Another thing I had as part of my backlogged to-do list was finish off a number of canvas paintings I had started. One of them called for a flesh colour, which I mixed up. Some of the paint I used was a little old, and had these odd clumps in it. This was fine, as it all basically sunk to the bottom and I could dip my brush in the top layer and use that to paint with. After using this flesh colour I left it, and it dried onto my palette.
When it came time to clean the palettes (as I occasionally do) I found that the flesh colour had dried as this thin, bumpy film. Using a flat tip blade I was able to lift the whole dried paint patch as a single piece off of the palette. It was roughly circular, but I trimmed it down and glued it to the top of the pine block. Instant bumpy terrain, all with dried acrylic paint!
I decided to finish the scenery off with a couple of small rocks that I had cleaned, as well as a ram skull from my bits box. I also filled any gaps between the tree and the pine block with wood filler.
The third main element, and a different approach for me in that these two models have been used completely unchanged. They are straight ‘out of the box’, no conversion work at all.
My initial choice was the Beastman model. I won him at a tournament a few years ago, and have been looking for something special to do with him. Looking through what models I had opened and available, I chose the Greatsword to accompany the Beastman. The Greatsword has some nice movement to it, which balances the static pose of the Beastman quite well. It also helps to create a nice composition in the diorama, with the Beastman and tree together in one corner, and the lunging Greatsword in the other.
I have kept the models and the base separate during painting, to make things a little easier. Since I was trying some new modelling techniques I decided to give a new painting technique a go. So I have basecoated the diorama in white, as opposed to my usual black.
Hopefully I can get some paint onto this tomorrow.
This is more of an update post than anything, though some painting will appear in just a moment.
I have been hard at work putting together issue 4 of The Campaigner. I am especially eager for this to be something special, as it is the issue I will be hauling along with me to PAX Australia. It is really coming together nicely, and at 44 pages is the longest issue yet.

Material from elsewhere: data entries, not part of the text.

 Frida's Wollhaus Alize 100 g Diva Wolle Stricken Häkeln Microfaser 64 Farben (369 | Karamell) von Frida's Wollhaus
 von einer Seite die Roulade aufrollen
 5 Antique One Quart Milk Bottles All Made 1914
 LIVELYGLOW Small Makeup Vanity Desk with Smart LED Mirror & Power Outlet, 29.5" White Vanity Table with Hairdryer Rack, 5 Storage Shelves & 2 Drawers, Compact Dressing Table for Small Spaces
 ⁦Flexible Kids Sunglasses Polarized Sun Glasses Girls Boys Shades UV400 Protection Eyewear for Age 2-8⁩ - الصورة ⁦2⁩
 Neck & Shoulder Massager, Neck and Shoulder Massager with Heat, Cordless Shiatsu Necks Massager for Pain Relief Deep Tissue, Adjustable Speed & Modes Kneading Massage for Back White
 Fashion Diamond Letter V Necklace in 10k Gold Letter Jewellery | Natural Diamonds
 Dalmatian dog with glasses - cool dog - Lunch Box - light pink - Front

With that said, I pulled a half hour out of my schedule this weekend to make some slight progress with the Warhammer Quest miniatures. With the Wardancer, Pit Fighter and Witch Hunter undercoated black I applied a Bestial Brown first coat, as well as a grey to the base. At the moment I am still sorting the colours out in my head, especially with the Wardancer. It will be a challenge making him fit the dark red primary colour theme I have been utilising, while still having him look like a Wood Elf. However, I am looking forward to the challenge.

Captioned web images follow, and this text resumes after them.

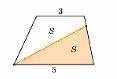 Основания трапеции равны 3 и 5. Прямая проходит через вершину трапеции и делит её площадь пополам. В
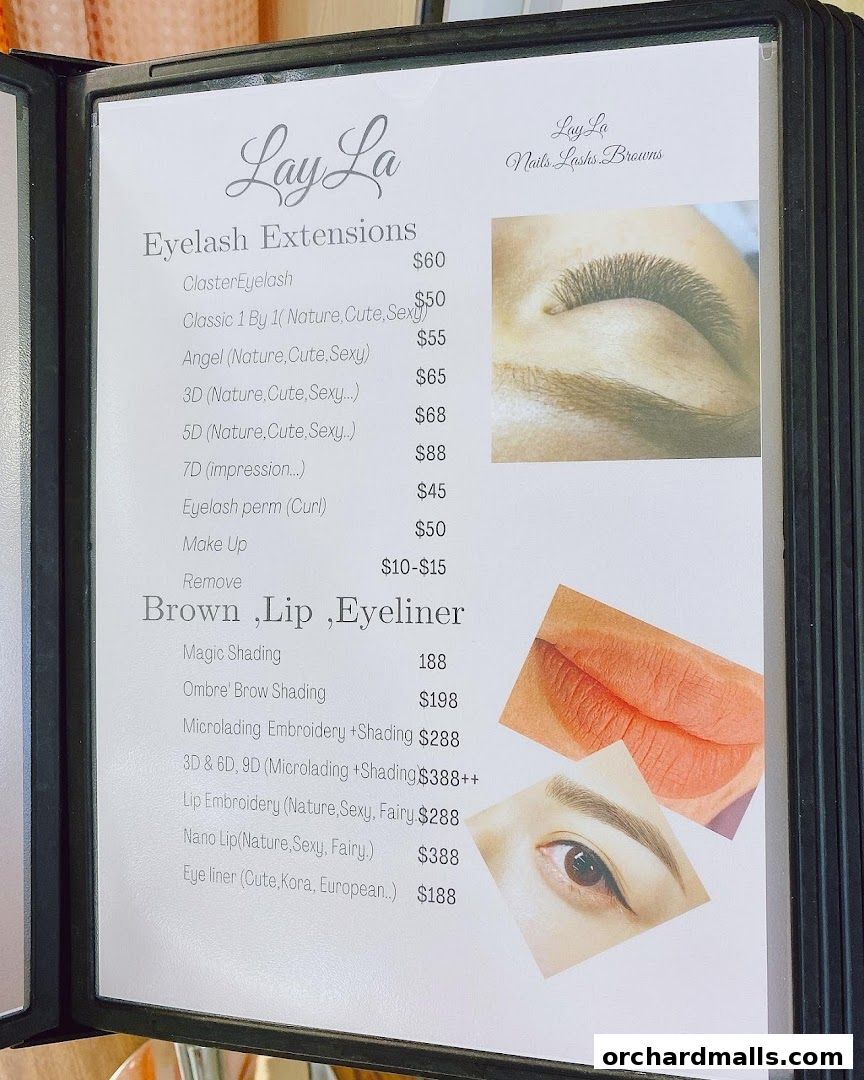 Menu page for Layla Lash Brow Far East Plaza Orchard Singapore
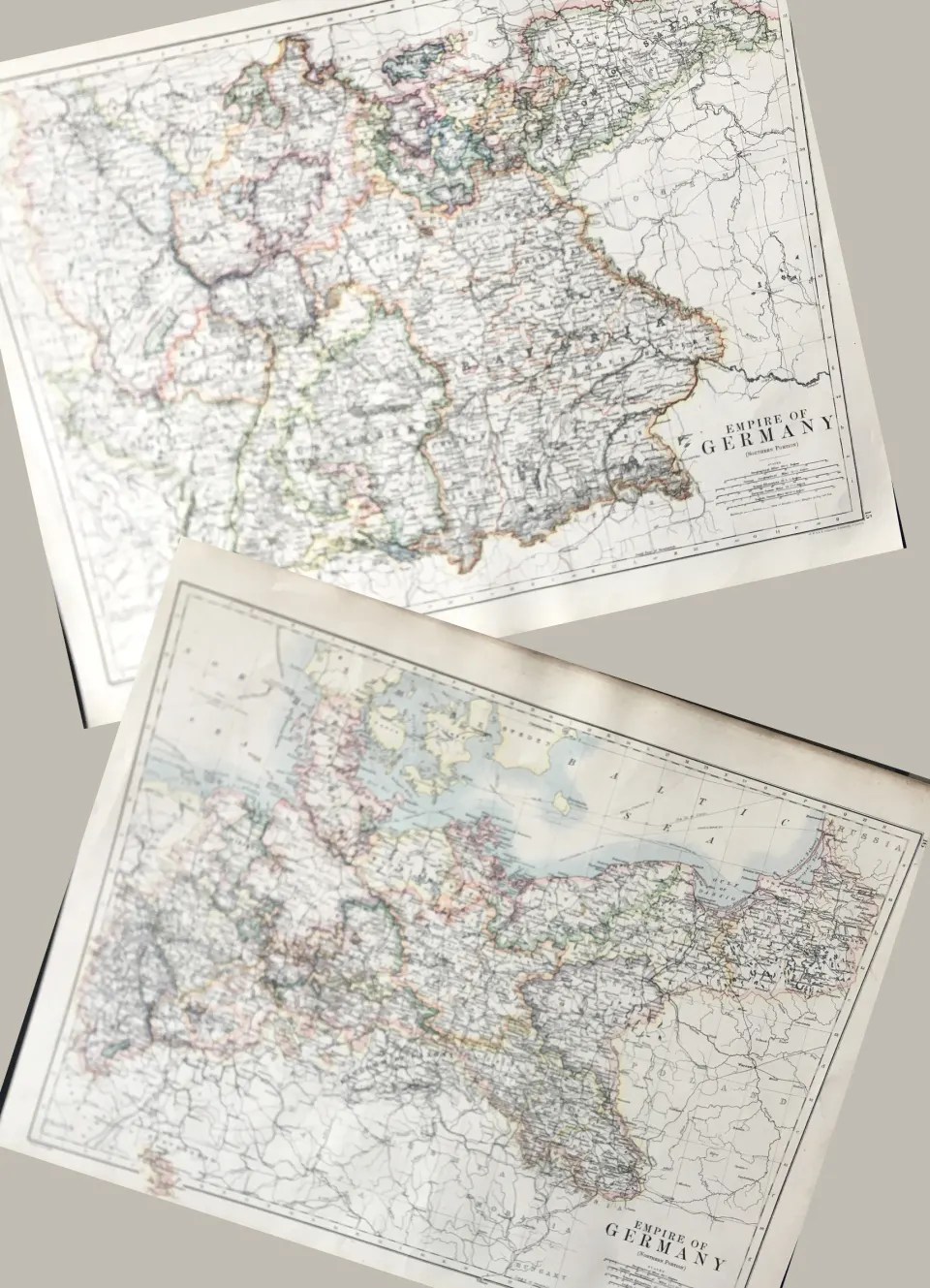 The Empire of Germany Victorian  Antique Coloured  1885 Map.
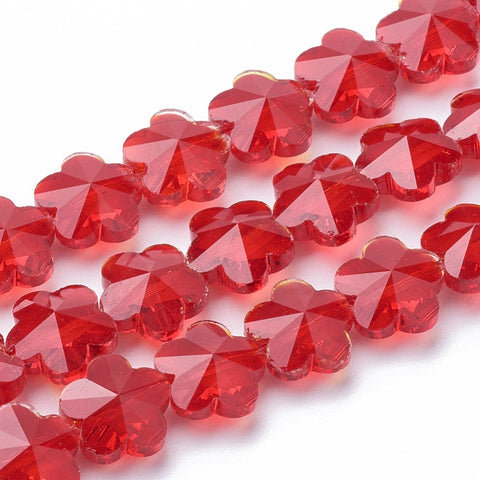 Transparent Glass Beads, Faceted Flower, Red, 10x10mm Transparent Glass Beads, Faceted Flower, Red, 10x10mm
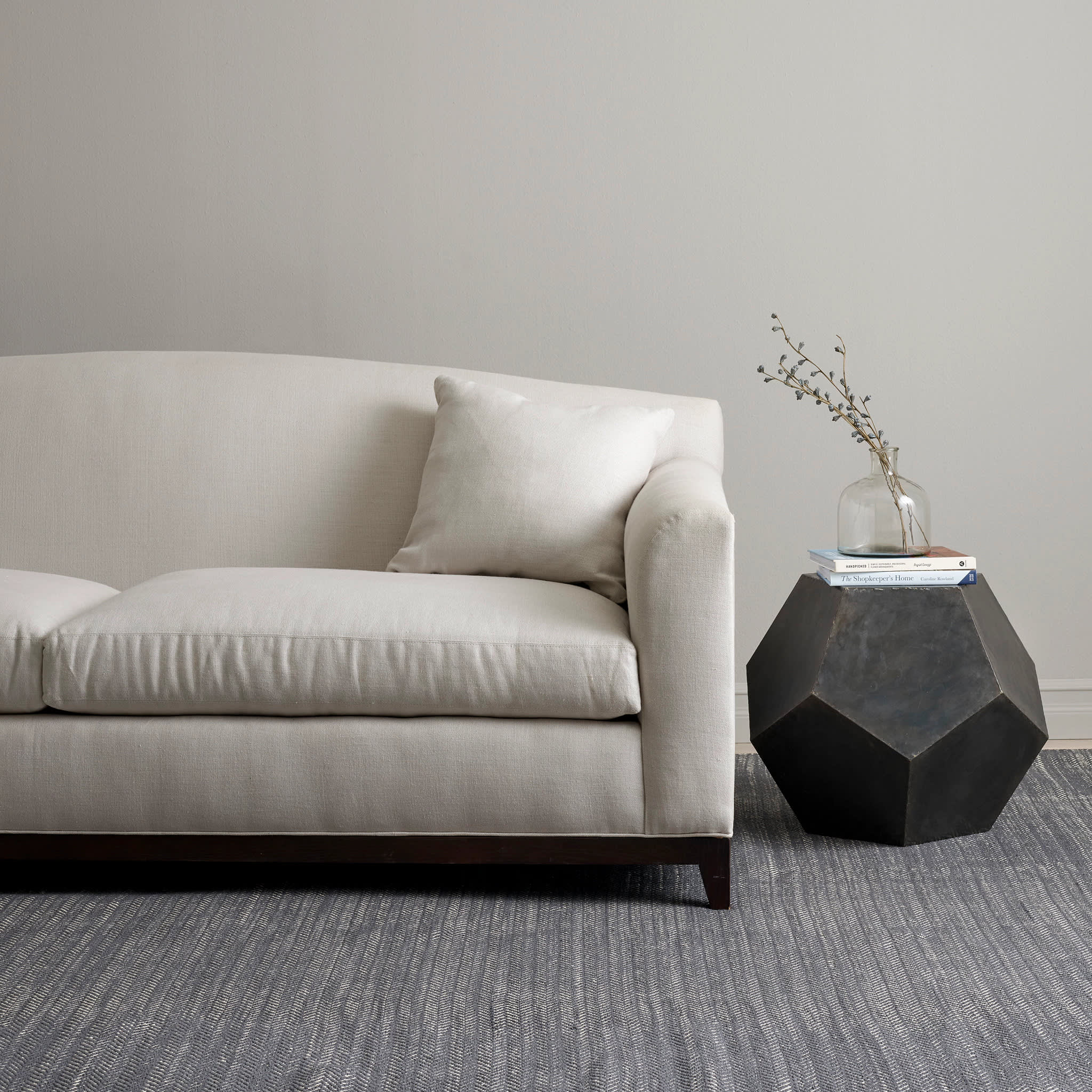 Herringbone Handwoven Indoor/Outdoor Rug | Shale/White - Image 2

Been finishing off Issue 3 of The Campaigner, so haven’t had much hobby time. However, while looking through my archives, I stumbled across something I had almost forgotten about.

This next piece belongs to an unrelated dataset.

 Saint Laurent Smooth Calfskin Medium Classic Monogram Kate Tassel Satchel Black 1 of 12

Back in 2001 myself and some friends played a very brief Warhammer campaign. From memory, there was a series of articles in White Dwarf that talked about a studio campaign that they held, set on an island. Of course, we decided to run a campaign too, and equally of course, it was set on an island. Okay, so we weren’t entirely original back them.
This was the map of the island, called Blithe Island (for reasons I cannot recall or fathom). There were six of us playing, though I believe that ‘Dave’ never ended up playing a game.
The end of the first turn sees a few additional features added to the map. Where we could, we tried to connect existing locations together, like putting villages on a road or a bridge over a river.
The end of the second turn see’s James and Jarryd finally choose army names. Also, I like the idea that there was a settlement of wizards here at some point. Imagine a bustling village you see in any fantasy setting, but inhabited entirely by cloaked and bearded old men.
End of turn three, and as far into the campaign as we got. It should be noted now, I was playing as Clan Vestren, and could apparently only generate towns.
There we have it, a three turn campaign. Not the shortest campaign we ever ran, though also not the longest. I think this falls into the middle point.
I also uncovered some other equally as embarrassing old material that I will post up at some point.
Constructed the third Minotaur today. This one I armed with a club and a spiked fist.
I was thinking about how to give the models a little more character last night, and decided that adding scars or semi-healed wounds would be a good way of doing this. So I used a hobby knife to score cuts into portions of each model.
All I have to do now if fill the gaps, and the models are ready to be painted. Though I do still have to sort out what I am doing with the bases.
Started on the Minotaurs today. Since these are going to be used specifically for Warhammer Quest, I decided to individualise them a bit more than you would a normal rank-and-file model.
One of the Minotaurs has a knife sticking out of him, while the other is sporting a neat satchel. The satchel is actually straight from the Ogre Bull sprue, and fit on the Minotaur perfectly. I am not too sure where the satchel is intended to go on an Ogre Bull, but where ever that is, that place is the same basic shape as a Minotaurs posterior.
Just a quick one today. We have had almost three consecutive days of rain, and somewhere it has effected our homes phone line. So no phone or internet. I am forced to post from a public computer. Time is limited!
This has given me an opportunity to work some more of the On The Hunt diorama. The stage is almost finished being painted. I want to add water effects to part of the base, but I don’t know exactly how I am going to go about this. So I have set up a little test on an old base to see if I can achieve what I want.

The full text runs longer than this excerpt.